Barry O'Reilly: So learning new stuff, while it is hard, is not the limiting factor. It's actually unlearning your existing behavior and letting go of things that made you successful in the past to sort of relearn and adopt new behaviors to make you successful in the future. And I think that was the thing that really stood out to me from doing a lot of this work. And that was really the inspiration for writing unlearn. And it's really just packed with case studies and stories of different companies I've been working with and going through this process with. And also my own experience of what I had to go through and learn and unlearn to get this sort of breakthroughs. I'm constantly sort of looking for and it's kind of fun 'cause it's reignited my curiosity in what I do. And hopefully it will maintain it for many years to come as well.

Holly Hester-Reilly: Yeah, that's great. I think the idea that it's taking this mindset of unlearning and realizing what may have worked in the past, but you need to let go now has actually impacted just your personal experience and helped you be reinvigorated by your work. I think just that alone is a really exciting thing because there's so many people out there that kind of reach a point and then they're like well, I feel like I know this and I'm not excited anymore. So can they use that to become excited again?

Barry O'Reilly: That's it. Reignite your curiosity.

Holly Hester-Reilly: Yeah, that makes me feel excited too. I'm like okay, great. I'm going to go learn some more things. Going to unlearn some stuff. Figure it out. Yeah.

Barry O'Reilly: Awesome.

Holly Hester-Reilly: Well, it's been really awesome talking with you. What are sort of the key things that you would say, you know, I guess the people that you want to reach with unlearn. What are the key takeaways that you want them to know?

Barry O'Reilly: No, I think this idea that there's sort of a number of characteristics you've got to have if you want to cultivate unlearning in yourself. And I think it's like be curious, right? When you hear something that contravenes your expertise opinion, why not ask a little bit about why somebody has that perspective? And have the courage to recognize when the behaviors you're using aren't working and change them basically. And I think the other two that really jump out to me is you've got to be comfortable with getting uncomfortable. Like trying things that feel alien or not right or awkward because they could actually give you a breakthrough in a way that you didn't anticipate before.

Barry O'Reilly: And the way to sort of create the environment to do that is really through safety. And think about when you're trying these new behaviors, just make them safe to fail, right? If you're going to try and learn a new instrument, don't put book Carnegie Hall and get a thousand people to show up. Start at home and play a few chords and see how you get on. And build from there.

Holly Hester-Reilly: Yeah. That just made me think. Sometimes I wonder if in today's world it's even harder to remember that then before because we're sharing so much. There's almost more of a performative nature of daily life with social media, you know?

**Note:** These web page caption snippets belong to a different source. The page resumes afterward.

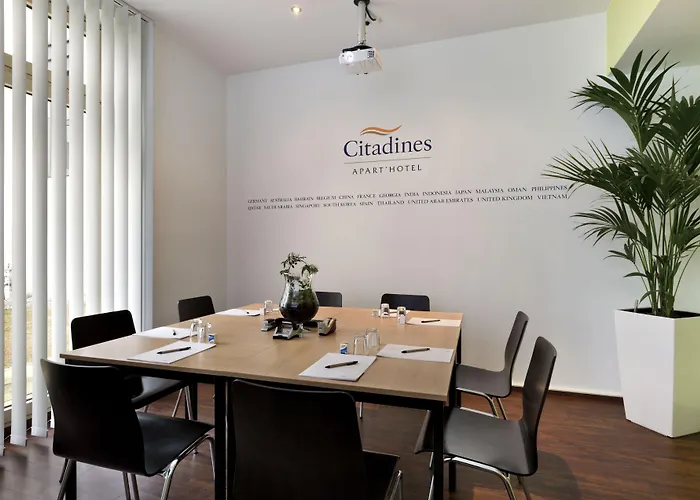 Citadines Kurfuerstendamm 4*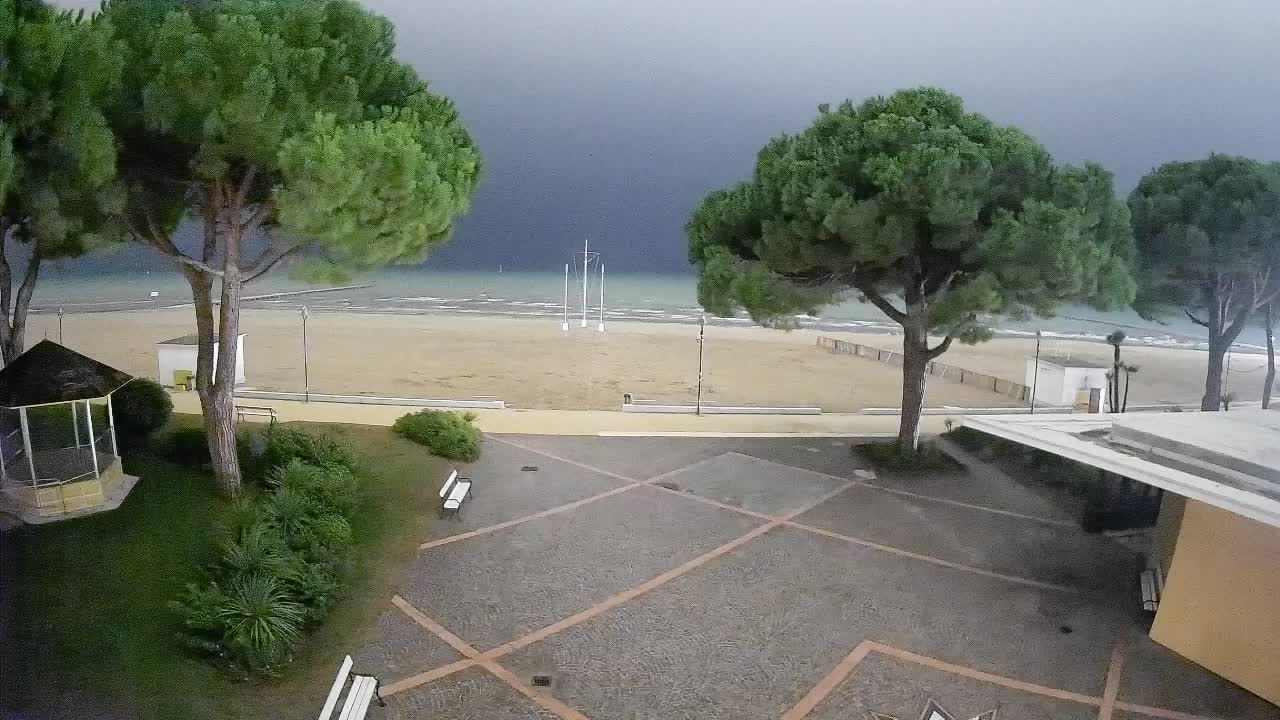 Grado Beach Entrance – Live Webcam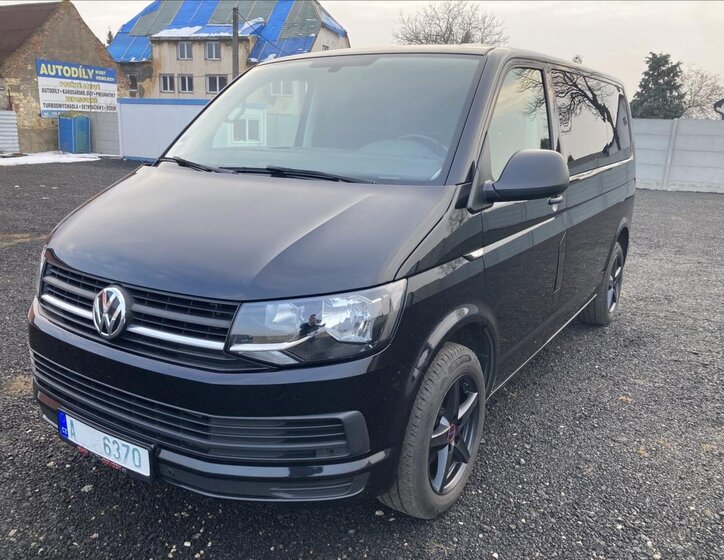 Volkswagen Multivan Kombi 2,0 l 110 kw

Barry O'Reilly: Yeah, I agree. And I think for me a lot of the time it's like what's the substance of that? It's a question I think everybody has to answer for themselves really, is what do they want to spend their time on and what did they want to try and grow and improve about themselves? But that's my mindset on it. And yeah, I'm most curious to learn what other people's are.

Holly Hester-Reilly: Yes. Yeah. Yeah. Me too. I think for me, one of the things that I fight to remind myself of is that what people show and share isn't their whole truth. And so if you start to feel like oh, maybe it's too hard and I'm never going to get there so I won't try. That's why I want to get on the phone with people like you and hear about how they got there because no one showed up fully formed as a social media star or whatever other thing they've achieved. And we all are steps along the way and you just got to remember they existed.

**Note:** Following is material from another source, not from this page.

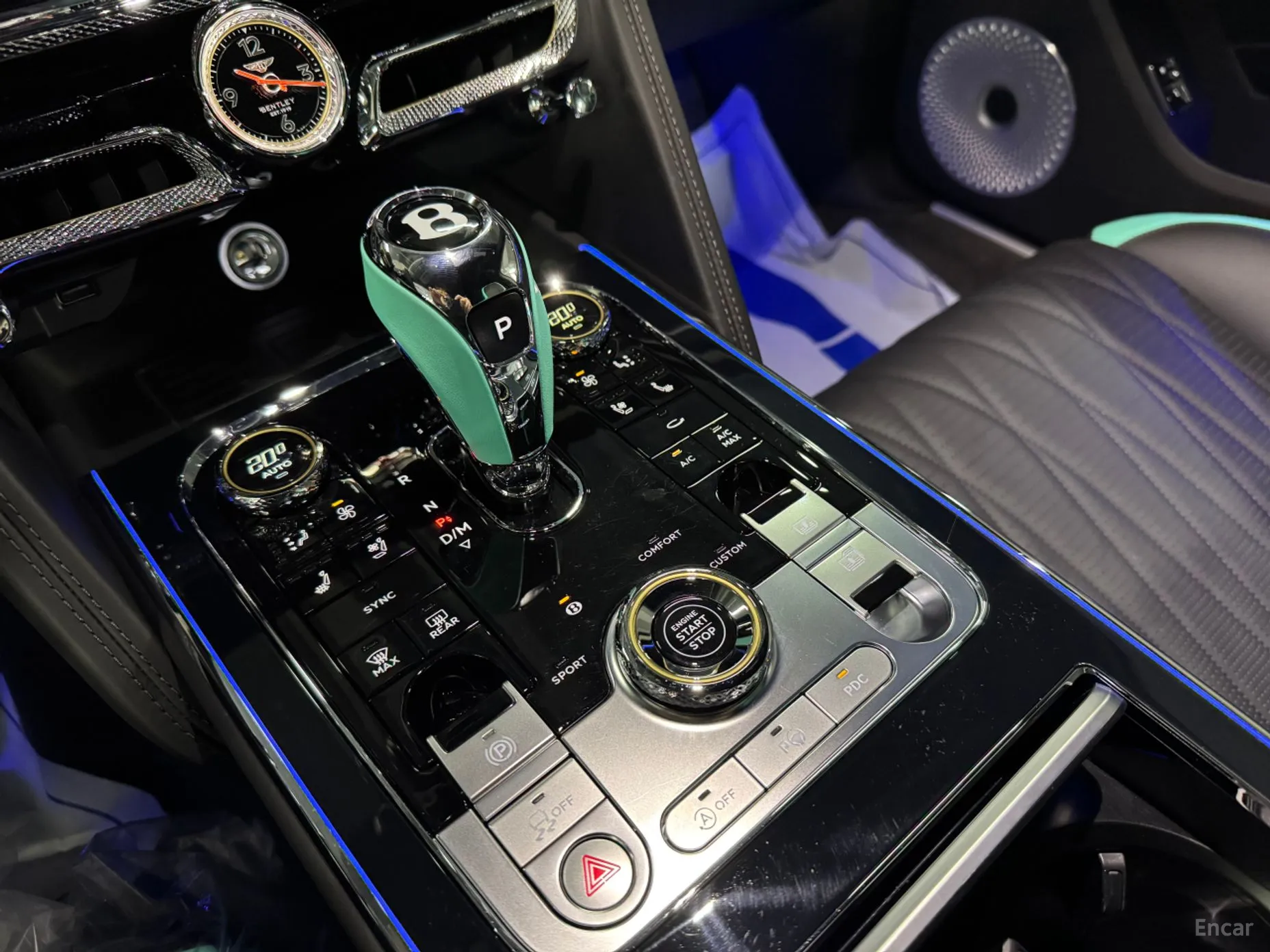 Bentley Flying Spur 3rd Generation превью 11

Barry O'Reilly: Sounds awesome.

Holly Hester-Reilly: Cool. Well thank you so much for your time, Barry.

Barry O'Reilly: It's been a pleasure. Thank you.

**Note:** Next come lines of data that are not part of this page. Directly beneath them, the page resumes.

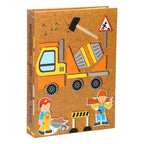 Hamertje tik constructie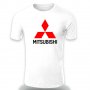 Мъжка тениска Mitsubishi, снимка 4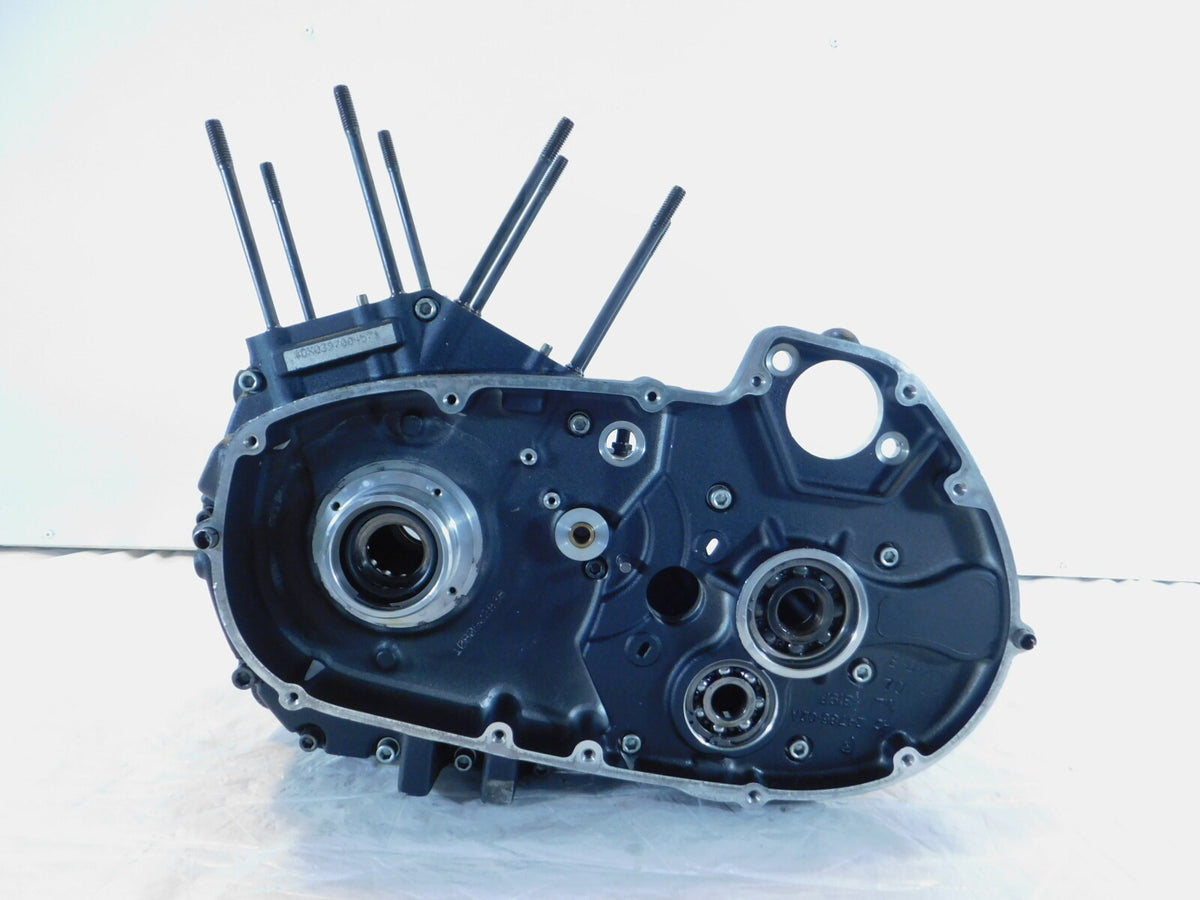 2009-10 Buell XB12R Firebolt XB12S Lighting XB12X Ulysses Engine Motor Crankcase - C3 Cycle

Holly Hester-Reilly: Well, I dunno about you, but I really enjoyed that episode with Barry O'Reilly. If you'd like to find him online, you can follow him on Twitter @BarryOReilly or visit his website, www.barryoriley.com. Enjoying this episode? Don't forget to subscribe so you don't miss next week's episode. I also encourage you to visit us at productsciencepodcast.com to sign up for more information and resources from me and our guests. If you love the show, a rating and review would be greatly appreciated. Thank you.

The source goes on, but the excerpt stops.